Given entries:
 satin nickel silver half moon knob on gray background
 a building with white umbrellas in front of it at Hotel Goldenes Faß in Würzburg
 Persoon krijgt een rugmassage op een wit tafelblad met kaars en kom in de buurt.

--

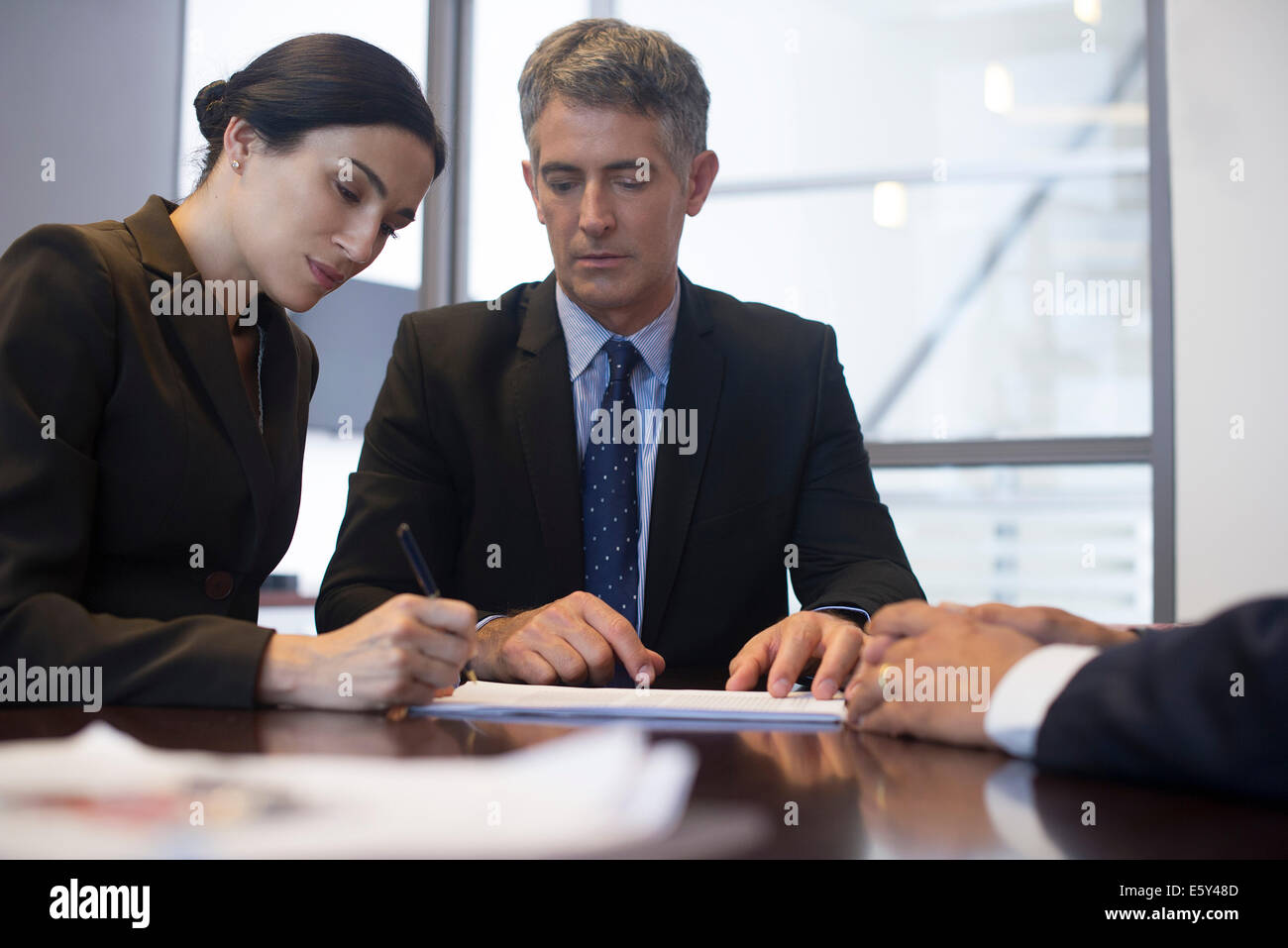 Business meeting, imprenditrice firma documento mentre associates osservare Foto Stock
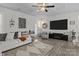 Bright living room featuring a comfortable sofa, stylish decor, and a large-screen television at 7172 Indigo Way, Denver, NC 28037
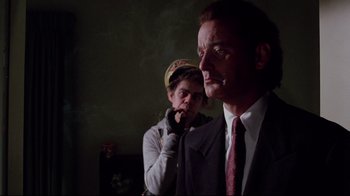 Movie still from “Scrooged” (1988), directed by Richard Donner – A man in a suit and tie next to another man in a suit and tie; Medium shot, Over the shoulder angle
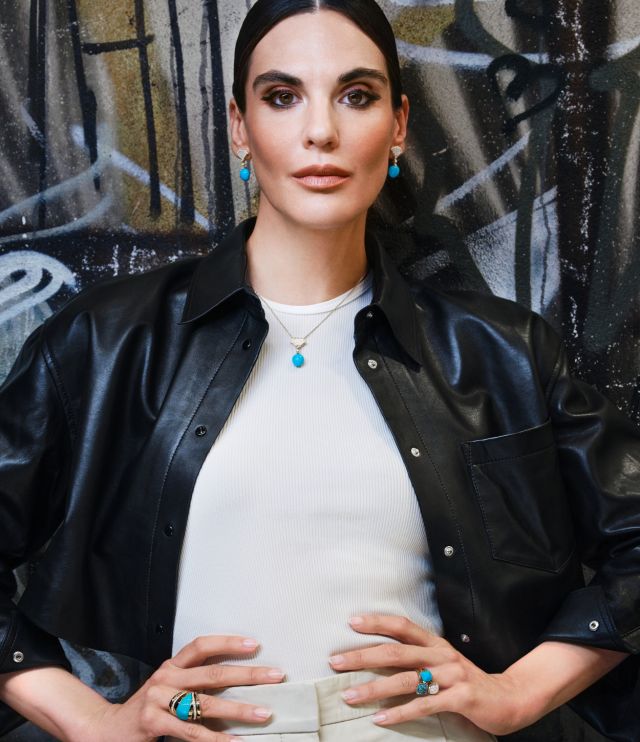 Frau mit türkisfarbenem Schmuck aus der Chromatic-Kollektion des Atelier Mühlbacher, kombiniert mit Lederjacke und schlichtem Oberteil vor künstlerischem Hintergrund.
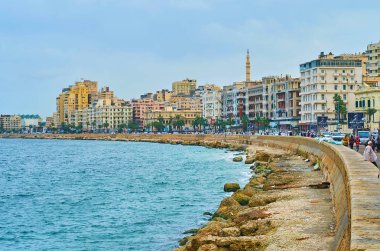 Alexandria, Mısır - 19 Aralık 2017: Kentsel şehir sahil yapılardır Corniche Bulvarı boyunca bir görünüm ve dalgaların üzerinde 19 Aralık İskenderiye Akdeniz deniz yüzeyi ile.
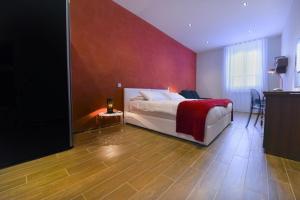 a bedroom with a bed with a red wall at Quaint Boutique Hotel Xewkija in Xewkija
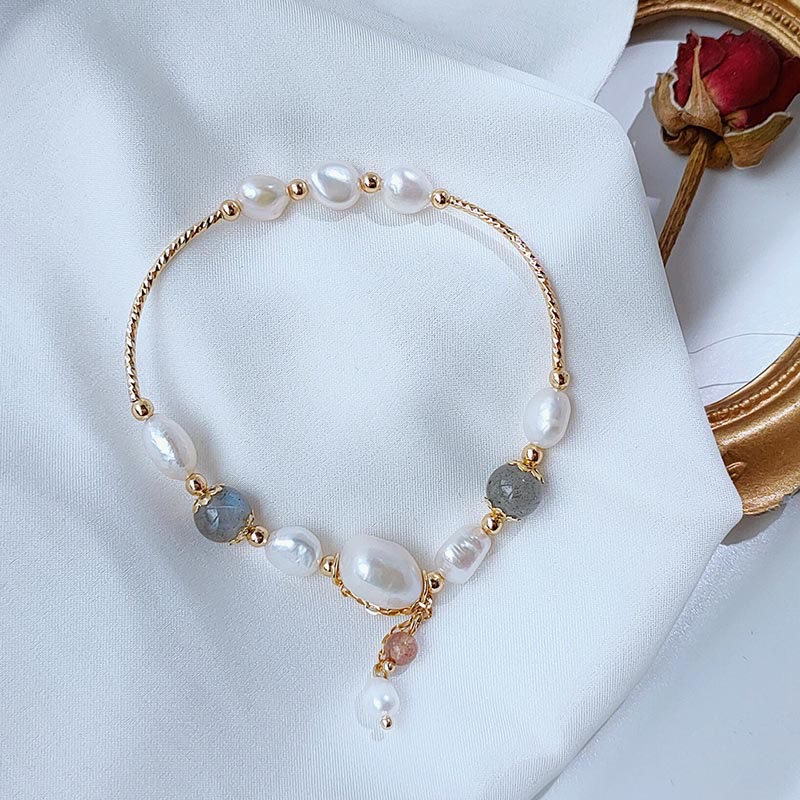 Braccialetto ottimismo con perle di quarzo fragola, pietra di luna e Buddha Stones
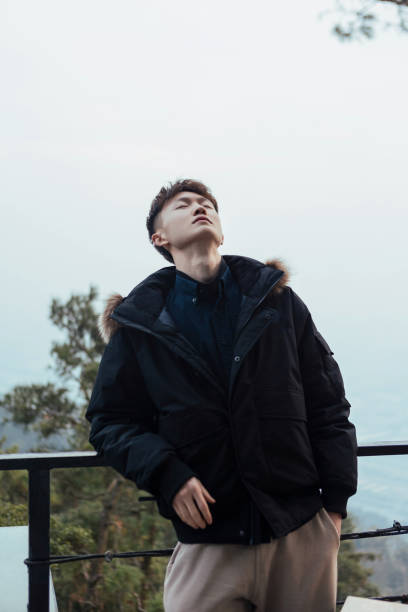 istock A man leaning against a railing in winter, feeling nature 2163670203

Exercise objective:
Every line above from the line with "satin nickel silver" to the line with "Persoon krijgt een", both included, must be reproduced exactly, and no other line may appear.

Answer space:
 satin nickel silver half moon knob on gray background
 a building with white umbrellas in front of it at Hotel Goldenes Faß in Würzburg
 Persoon krijgt een rugmassage op een wit tafelblad met kaars en kom in de buurt.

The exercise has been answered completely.